Comprendre les étapes de la vinification, c’est lire la “recette” du vin sans simplifier à l’excès. Derrière chaque bouteille, il y a une suite de choix précis — récolte, tri, extraction, fermentation, élevage — qui orientent la couleur, les arômes, la texture et la capacité de garde. Voici, étape par étape, le déroulé le plus courant, avec les variantes selon le type de vin.
La vinification, en bref : de la grappe au vin
La vinification désigne l’ensemble des opérations qui transforment le raisin en vin. Le principe est simple à énoncer, mais très technique à exécuter : on cherche à extraire ce qu’il faut du fruit, à laisser agir les levures, puis à stabiliser et affiner le résultat.
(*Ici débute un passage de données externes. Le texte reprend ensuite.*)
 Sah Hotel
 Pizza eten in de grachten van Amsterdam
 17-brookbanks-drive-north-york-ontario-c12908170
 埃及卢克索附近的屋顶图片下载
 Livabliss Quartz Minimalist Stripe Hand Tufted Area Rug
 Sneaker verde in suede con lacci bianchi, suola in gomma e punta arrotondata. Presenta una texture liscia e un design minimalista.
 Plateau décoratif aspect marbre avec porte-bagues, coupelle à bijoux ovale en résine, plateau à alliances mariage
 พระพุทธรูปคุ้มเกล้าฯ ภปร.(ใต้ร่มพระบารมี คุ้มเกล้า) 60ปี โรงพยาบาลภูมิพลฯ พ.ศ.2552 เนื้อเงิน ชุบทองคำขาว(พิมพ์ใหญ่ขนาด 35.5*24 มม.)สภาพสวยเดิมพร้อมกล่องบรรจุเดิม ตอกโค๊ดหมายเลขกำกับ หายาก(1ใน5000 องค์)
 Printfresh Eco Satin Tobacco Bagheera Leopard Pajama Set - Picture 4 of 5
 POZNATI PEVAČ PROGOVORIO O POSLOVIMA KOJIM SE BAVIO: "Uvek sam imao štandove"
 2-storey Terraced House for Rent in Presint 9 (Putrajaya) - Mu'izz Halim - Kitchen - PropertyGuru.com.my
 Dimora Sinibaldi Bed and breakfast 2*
On peut résumer le processus en 7 grandes phases :
- Vendange et tri
- Préparation de la vendange : éraflage, foulage, éventuellement pressurage
- Macération selon le style recherché
- Fermentation alcoolique
- Écoulage et pressurage
- Élevage
- Mise en bouteille
1. Les vendanges : récolter au bon moment
Tout commence par la vendange, c’est-à-dire la récolte du raisin. Le choix du moment est fondamental : des raisins cueillis trop tôt donnent des vins plus acides et moins mûrs ; trop tard, ils peuvent perdre de la fraîcheur ou déséquilibrer le profil final.
Le vigneron observe notamment :
- la maturité du raisin,
- l’état sanitaire des grappes,
- le niveau de sucre et d’acidité,
- le style de vin visé.
La récolte peut être manuelle ou mécanique. La vendange à la main est souvent privilégiée quand on veut trier finement les grappes ou préserver l’intégrité du fruit. La vendange mécanique est plus rapide et adaptée à de nombreuses exploitations.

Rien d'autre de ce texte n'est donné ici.